One of Monk’s earliest pieces is 16 Millimeter Earrings, created in 1966 and originally staged at the Judson Church in New York. The performance began with Monk seated facing away from her audience while playing the guitar and singing, then went on to combine vocal recordings, theatrical acting, and film projections, and finally ended with the burning of an effigy meant to represent the artist herself. 16 Millimeter Earrings incorporated physical props, such as a slinky and red crepe paper streamers, as well as less tangible components. Audible during the performance were partial recordings of the traditional English folk song “Greensleeves” as well as passages from The Function of the Orgasm, written by the controversial psychoanalyst Wilhelm Reich, which argues for sexual liberation as a panacea for all ills, both physical and psychological. Reflecting on the work in 2010, Monk commented: “With the concept I had in 16mm Earrings I realized that anything in my life could be used as material: my hair, my body, my crossed eyes, anything about me physically or mentally… It wasn’t that I felt I was doing a confessional piece at all… It was taking anything of my being and making that a plastic material, like paint.”

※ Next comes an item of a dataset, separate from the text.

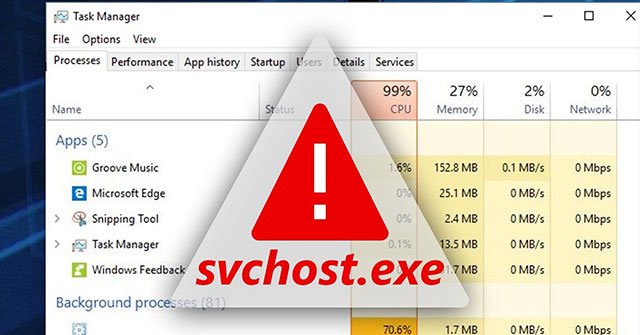 How to Fix Svchost.exe Error Permanently Using Multiple CPUs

Monk was not alone in her engagement with the body’s potential as a plastic material. This theme was crucial to her peers working in “body art,” a form of performance art and sculpture that emerged in the 1960s, in which the artist’s body is both the subject and the object of the work. In various performances by Stelarc, the artist’s body was suspended using hooks attached to his skin, or extended through technological apparatuses fitted to his body. For Stelarc, the body functions as a site for experimentation or as a physical object that can be used as a component of a work larger than the body itself. For Marina Abramović, the body became a tool for exploring the artist’s mental or physical limits through artistic performance, and ultimately questioning the fundamental nature of the human body and mind. With its emphasis on the body as artistic material, Monk’s 16 Millimeter Earrings shares affinities with body art, and her use of the body as an object for examination evidences further commonality with the genre.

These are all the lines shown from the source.